For more information, please check this address https://developer.android.com/guide/topics/ui/declaring-layout#CommonLayouts
Definitions:
Frame Layout: This is designed to block out an area on the screen to display a single item.
Linear Layout: A layout that arranges its children in a single column or a single row.
Relative Layout: This layout is a view group that displays child views in relative positions.
Table Layout: A layout that arranges its children into rows and columns.
More Information:
FrameLayout
FrameLayout is designed to block out an area on the screen to display a single item. Generally, FrameLayout should be used to hold a single child view, because it can be difficult to organize child views in a way that's scalable to different screen sizes without the children overlapping each other. You can, however, add multiple children to a FrameLayout and control their position within the FrameLayout by assigning gravity to each child, using the android:layout_gravity attribute.
Child views are drawn in a stack, with the most recently added child on top. The size of the FrameLayout is the size of its largest child (plus padding), visible or not (if the FrameLayout's parent permits).
RelativeLayout
A RelativeLayout is a very powerful utility for designing a user interface because it can eliminate nested view groups and keep your layout hierarchy flat, which improves performance. If you find yourself using several nested LinearLayout groups, you may be able to replace them with a single RelativeLayout.
(Current docs here)
TableLayout
A TableLayout consists of a number of TableRow objects, each defining a row (actually, you can have other children, which will be explained below). TableLayout containers do not display border lines for their rows, columns, or cells. Each row has zero or more cells; each cell can hold one View object. The table has as many columns as the row with the most cells. A table can leave cells empty. Cells can span columns, as they can in HTML.
The width of a column is defined by the row with the widest cell in that column.
Note: Absolute Layout is deprecated.
LinearLayout : A layout that organizes its children into a single horizontal or vertical row. It creates a scrollbar if the length of the window exceeds the length of the screen.It means you can align views one by one (vertically/ horizontally).

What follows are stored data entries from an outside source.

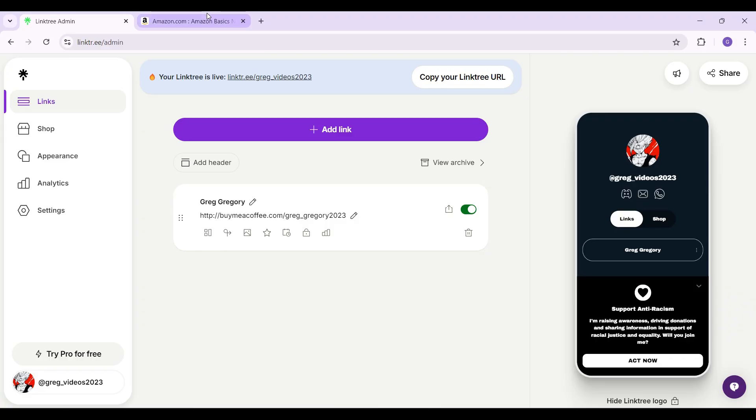As you know, I have already logged into my account. In case you have not, do it right now—it's quite easy. Now let's simply look at how to delete the links from Linktree.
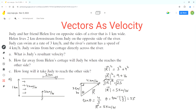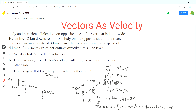The direction of the resultant velocity is 53 degrees downstream towards the river bank. So the final answer for part A is a resultant velocity of 5 kilometers per hour at 53 degrees downstream. Now we can move on to analyze part B.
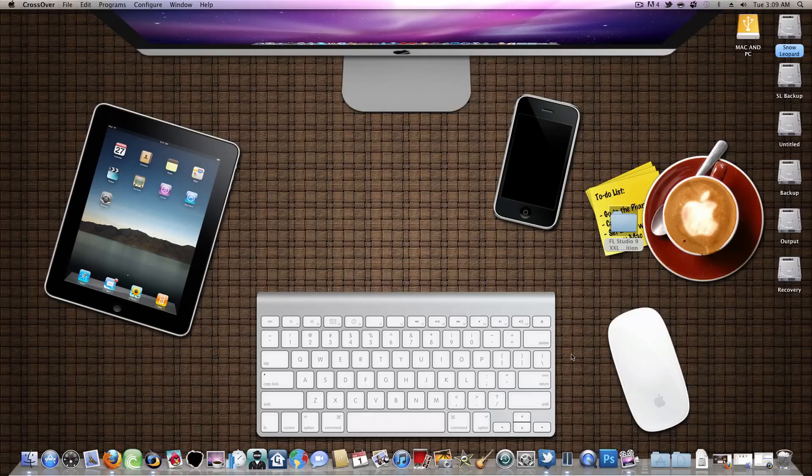That's all I wanted to show. Just the Windows application running inside of my Hackintosh. Catch you in the next video.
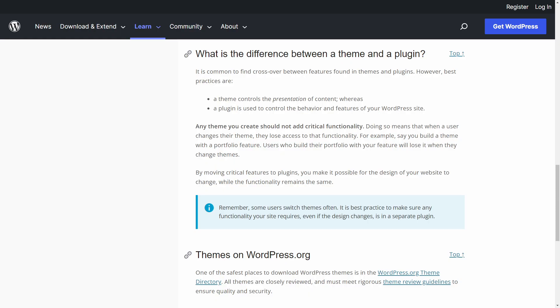Let's start by looking at the official best practices published by WordPress. They say that a theme should control the presentation of the content, and a plugin should control the behavior and features. That's great in theory, but it gets a little murkier in practice.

RelativeLayout : This enables you to specify the location of child objects relative to each other (child A to the left of child B) or to the parent (aligned to the top of the parent). It is based on relation of views from its parents and other views.
WebView : to load html, static or dynamic pages.
For more information refer this link:http://developer.android.com/guide/topics/ui/layout-objects.html
LinearLayout - In LinearLayout, views are organized either in vertical or horizontal orientation.
RelativeLayout - RelativeLayout is way more complex than LinearLayout, hence provides much more functionalities. Views are placed, as the name suggests, relative to each other.
FrameLayout - It behaves as a single object and its child views are overlapped over each other. FrameLayout takes the size of as per the biggest child element.
Coordinator Layout - This is the most powerful ViewGroup introduced in Android support library. It behaves as FrameLayout and has a lot of functionalities to coordinate amongst its child views, for example, floating button and snackbar, Toolbar with scrollable view.
Great explanation here:
https://www.cuelogic.com/blog/using-framelayout-for-designing-xml-layouts-in-android
LinearLayout arranges elements side by side either horizontally or vertically.
RelativeLayout helps you arrange your UI elements based on specific rules. You can specify rules like: align this to parent’s left edge, place this to the left/right of this elements etc.
AbsoluteLayout is for absolute positioning i.e. you can specify exact co-ordinates where the view should go.
FrameLayout allows placements of views along Z-axis. That means that you can stack your view elements one above the other.